Conclusions: Our results show a) that mapping gene expression data onto an existing network model improved the functional capacity of the model under appropriate conditions and b) that the role of fumarase in the human metabolic adaptation to hypoxia merits closer examination.

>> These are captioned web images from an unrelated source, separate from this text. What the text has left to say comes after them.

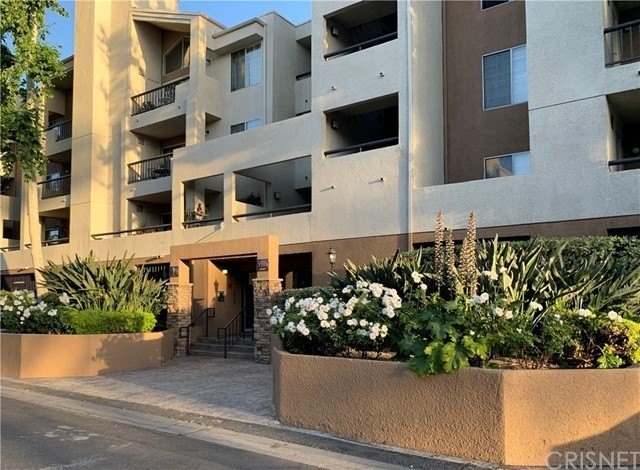 Exterior of The Met at Warner Center at 5515 Canoga Ave, Woodland Hills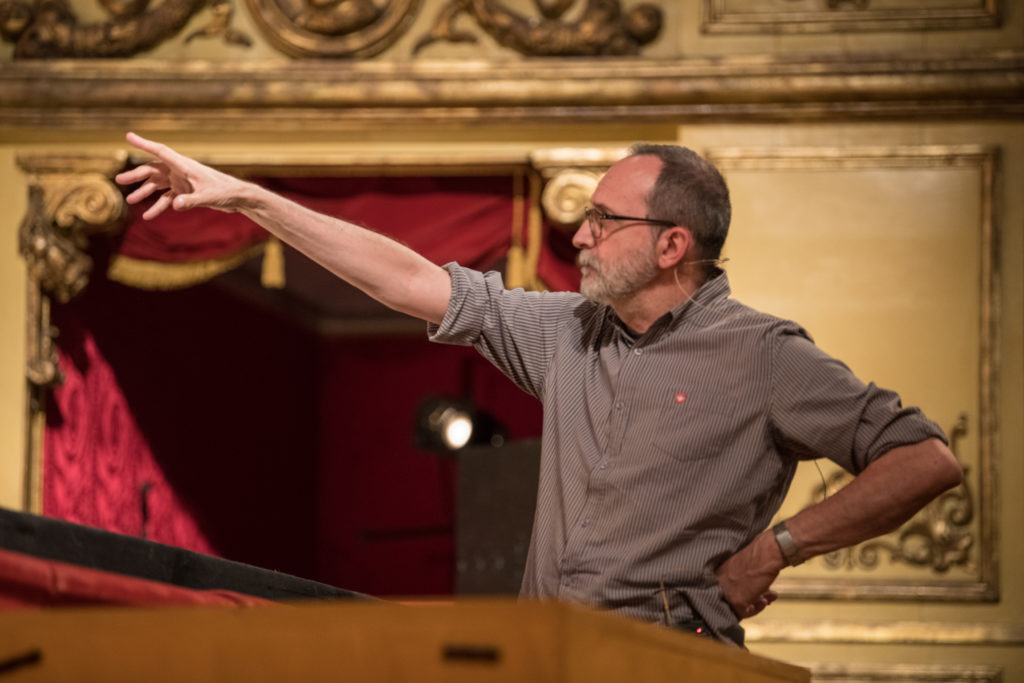 Il cambiamento del senso comune è da intendersi come sospensione della realtà. Ogni nostra azione non risponde più ad eventi reali, ma a fatti che accadono nella nostra 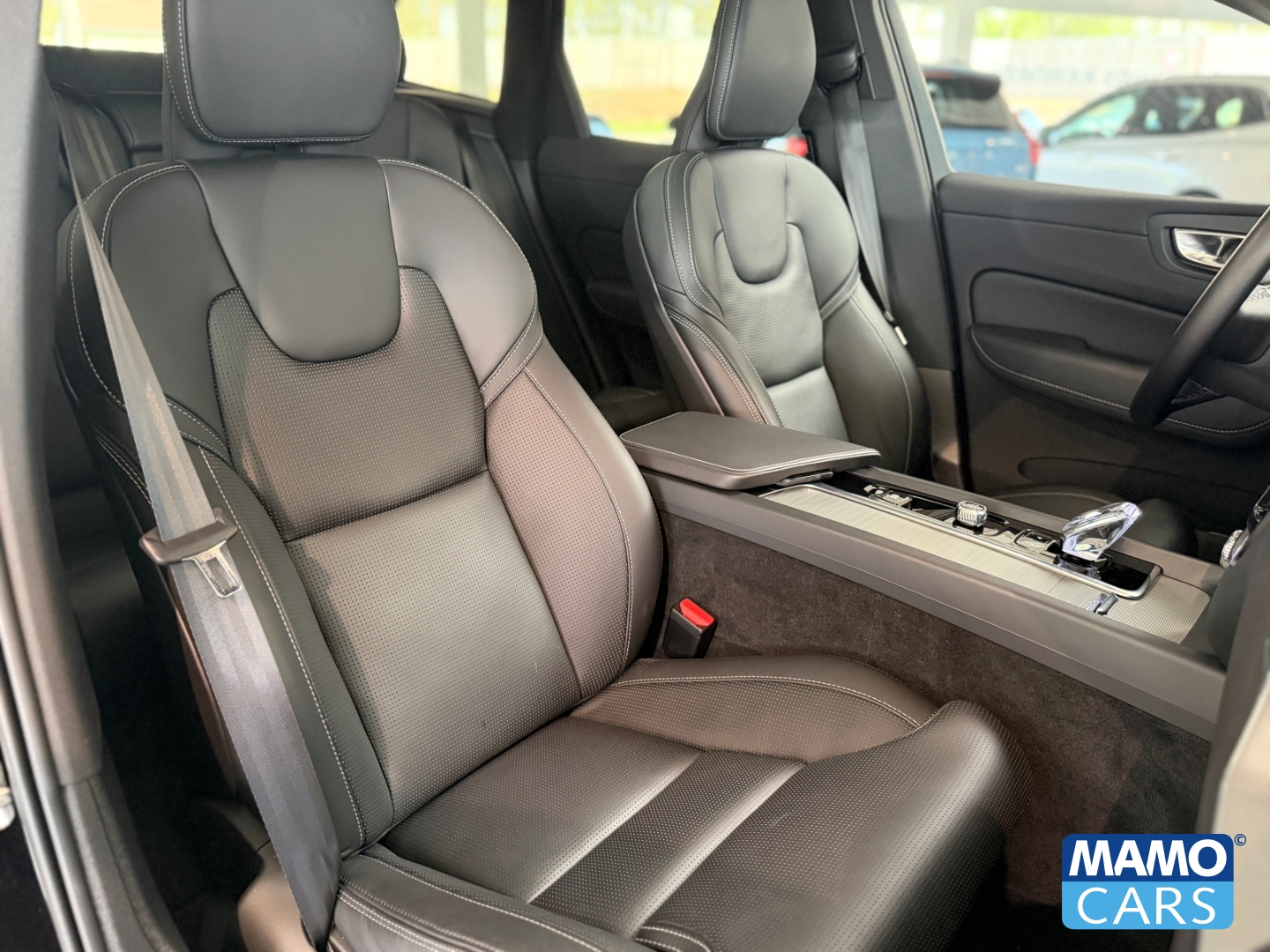Fahrzeugabbildung Volvo XC60 T6 Ultra Black Edition ACC/AHK/360/PANO/BLIS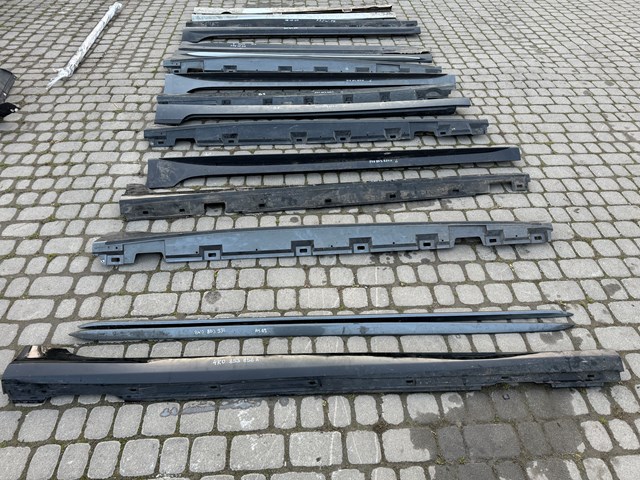 Накладка наружняя (молдинг) порога, правый 3G0853858F VAG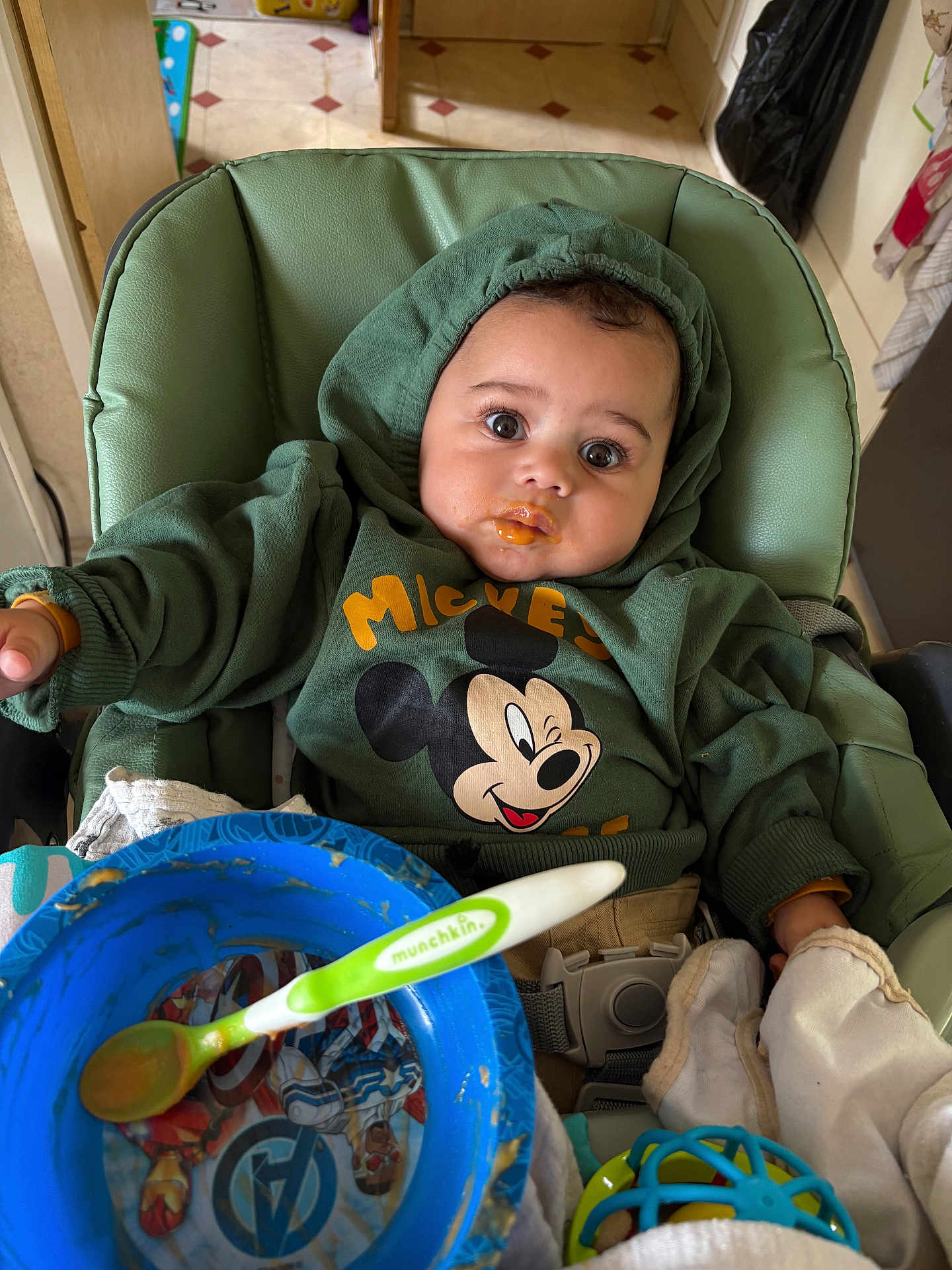 Noam a rejoint le concours — aidez-le/la à gagner de superbes lots ! baby, child, high_chair, hoodie, mickey_mouse, green_clothing, messy_face, spoon, bowl, avengers, toy, kitchen, food, feeding, seat_belt, curious, indoor, person, infant, cute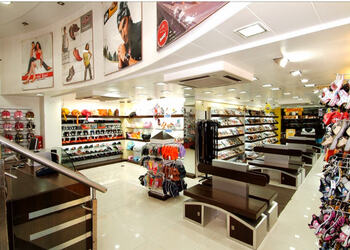 Shoe-paradise-Shoe-store-Pune-Maharashtra-3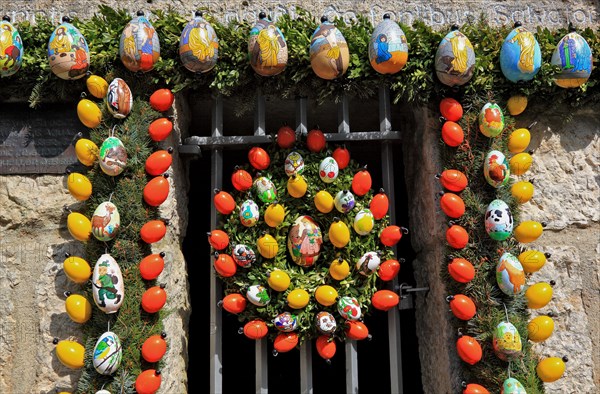 Easter fountain in Tiefenpoelz near Heiligenstadt, Bamberg district, Franconian Switzerland, Upper Franconia, Bavaria, Germany, Europe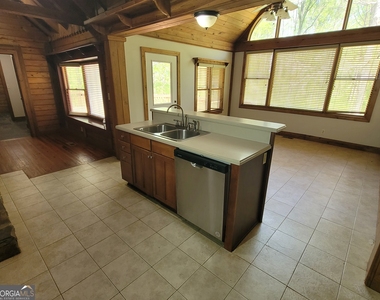 2391 Booth Circle - Photo Thumbnail 31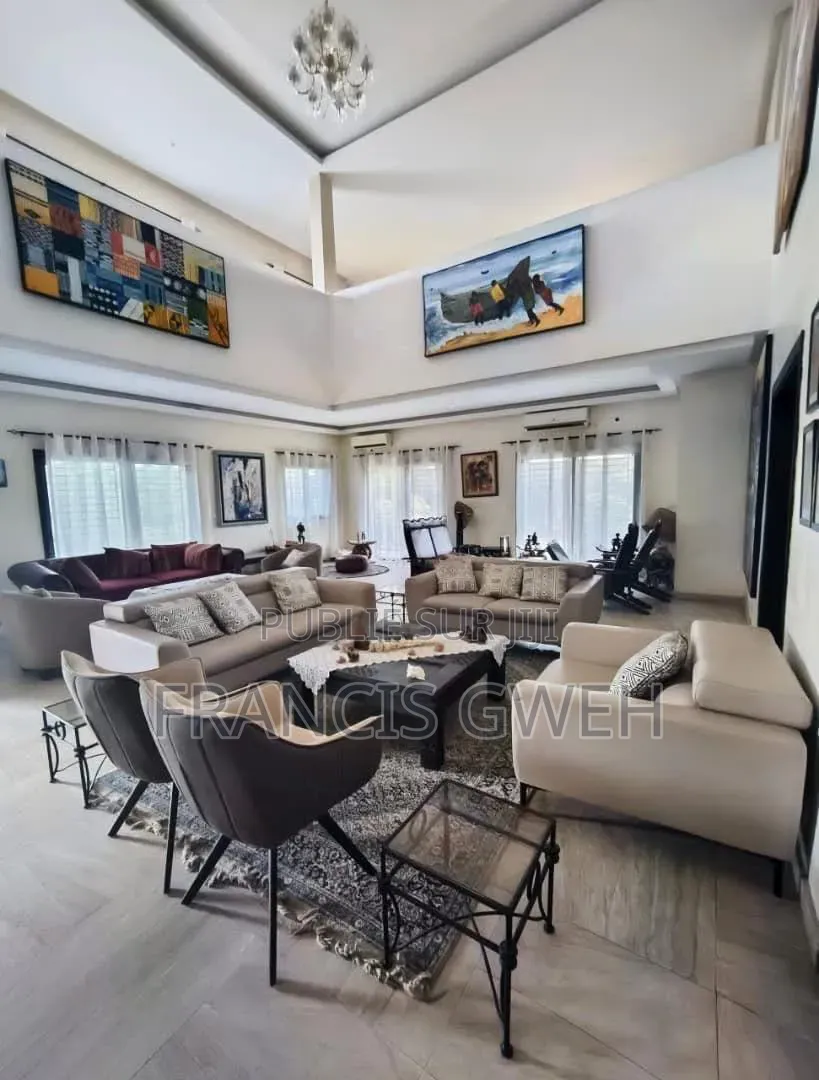5chbre Duplex dans Francis Gweh, Cocody à Vendre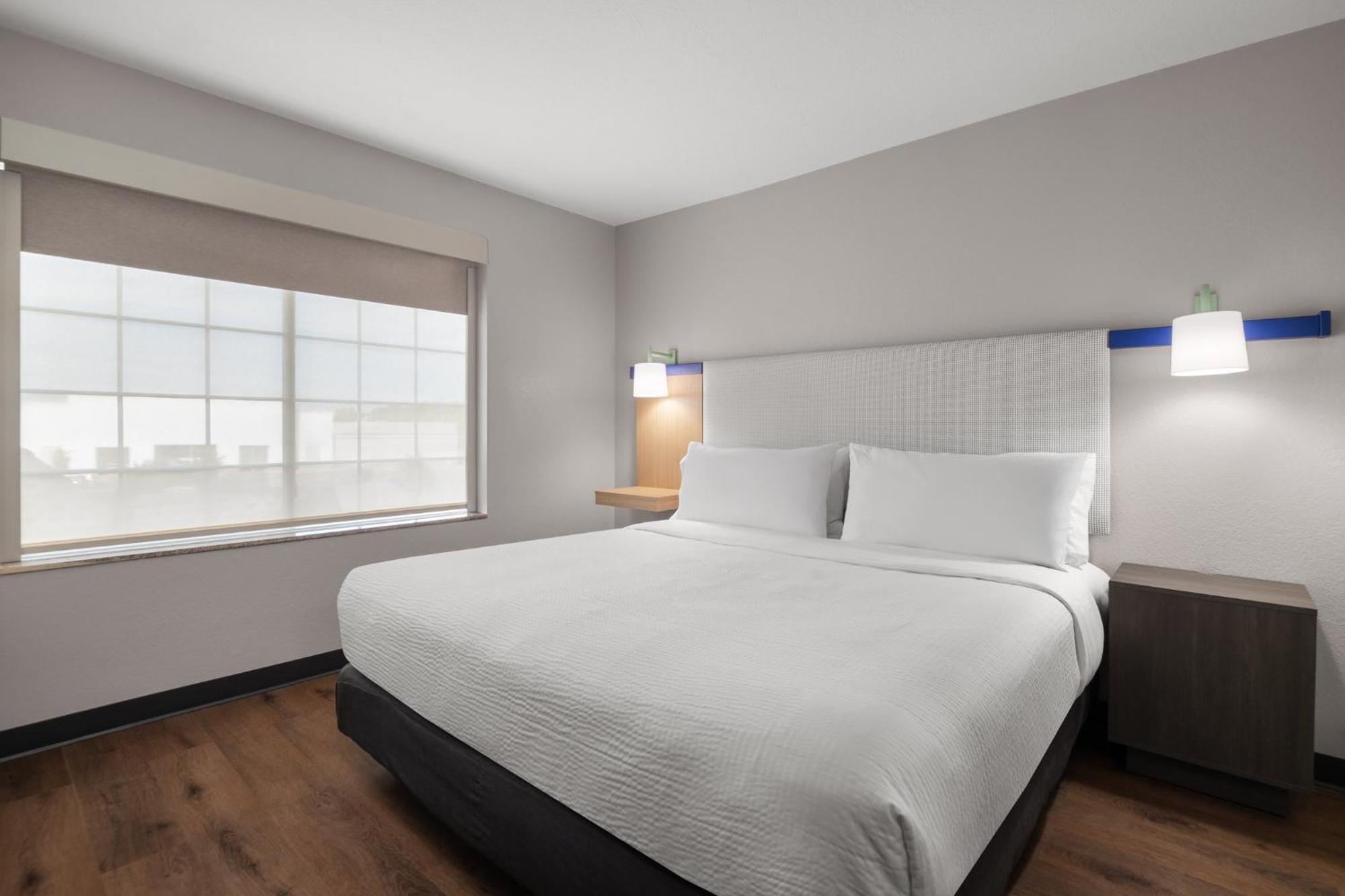 One-Bedroom King Suite,1717049550:JPEG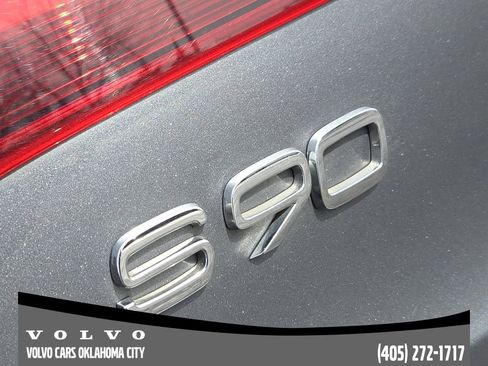 Used 2017 Volvo S90 T6 Inscription w/ Vision Package image 10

Gene | Reaction | Up/Down | References |
ALDOC, Aldoart1 | Fructose-bisphosphate aldolase | Up | Benita et al. |
PGAM1 | Phosphoglycerate mutase | Up | Benita et al. |
LDHA, Ldha | L-lactate dehydrogenase | Up | Benita et al.; Chi et al. |
GAPDH | Glyceraldehyde-3-phosphate dehydrogenase | Up | Benita et al. |
PGK1, Pgk1 | Phosphoglycerate kinase | Up | Benita et al.; Chi et al. |
PFKP, Pfkl | Phosphofructokinase | Up | Chi et al. |
SLC2A1 | Glucose transport (uniport) | Up | Chi et al. |
SLC2A3 | Glucose transport (uniport) | Up | Chi et al. |
FH | Fumarase, mitochondrial | Down | Benita et al. |
Benita Y, Kikuchi H, Smith AD, Zhang MQ et al. (2009) Nucleic Acids Research 37: 4587-602.
Chi JT, Wang Z, Nuyten DS, Rodriguez EH et al. (2006) PLoS Medicine 3(3):e47. doi: 10.1371/journal.pmed.0030047
Thiele I, Price ND, Vo TD, Palsson BØ. (2005) Journal of Biological Chemistry 280: 116831-95.